To the editor:
A new era begins on Beacon Hill as the Massachusetts House of Representatives has chosen a new speaker. With the departure of Speaker Robert DeLeo, D-Winthrop, for a job at Northeastern, Rep. Ron Mariano, D-Quincy, has taken over the top post in the Statehouse.
Historically, the speakership in Massachusetts has been somewhat infamous. For example, the three speakers prior to DeLeo were indicted for federal crimes. And while DeLeo cleared the low bar of not being a felon, he still was party to a number of transgressions that sowed public distrust toward state government.
DeLeo’s leadership was defined by its opacity – as each session began, the rules package that he supported would be filled with blatant efforts to seal off proceedings from the general public.
DeLeo made sure the state Legislature is exempt from open meeting laws.
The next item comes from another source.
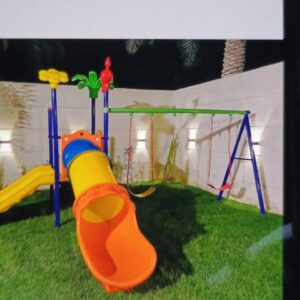 مجموعة منزلقات خارجية عالية الجودة للأطفال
DeLeo made sure that legislators did not have ample time to read the bills they were voting on, opposing a measure that would allow legislators to read bills for at least 72 hours.
He made sure that amendments did not have ample time to be read before going to a vote, rejecting a measure that would allow for amendments to be mulled over for 30 minutes. And perhaps most bizarrely, DeLeo’s rules packages ensured that any committee vote or committee testimony did not get published.
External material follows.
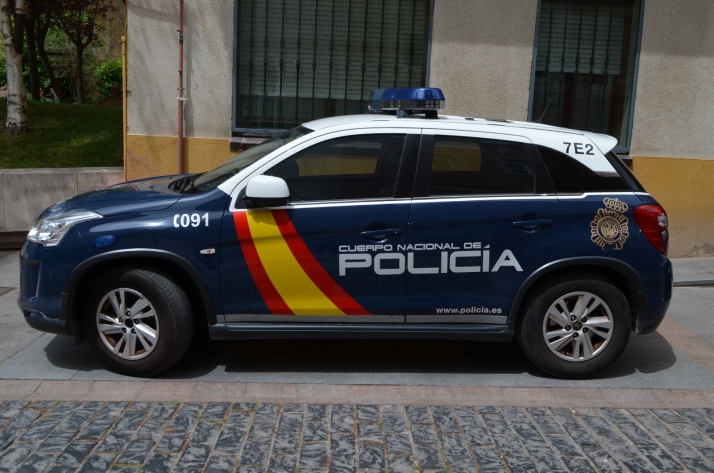Un agente salva la vida a un hombre que se desplomó sin pulso en Soria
That is astounding, but it is all true.
Massachusetts ranks among the top three states in the nation for lack of transparency. Usually, people are upset about something the government does, but here in Massachusetts we don’t even know what the government is even doing in the first place.
Our new speaker can usher in a new era of openness. Speaker Mariano, in an interview with the Boston Herald, promised to do exactly that.
But we must, as citizens, hold him accountable to this pledge. After all, in the past, Mariano has voted for DeLeo’s rules that reject transparency.
But, 2021 is sure to be a year of great change and new beginnings. Here’s hoping that Mariano, and a bipartisan group of legislators, can support common-sense transparency measures.
Local Reps. Lenny Mirra, R-Georgetown, James Kelcourse, R-Amesbury, and Christina Minicucci, D-North Andover, vote for transparency every legislative session.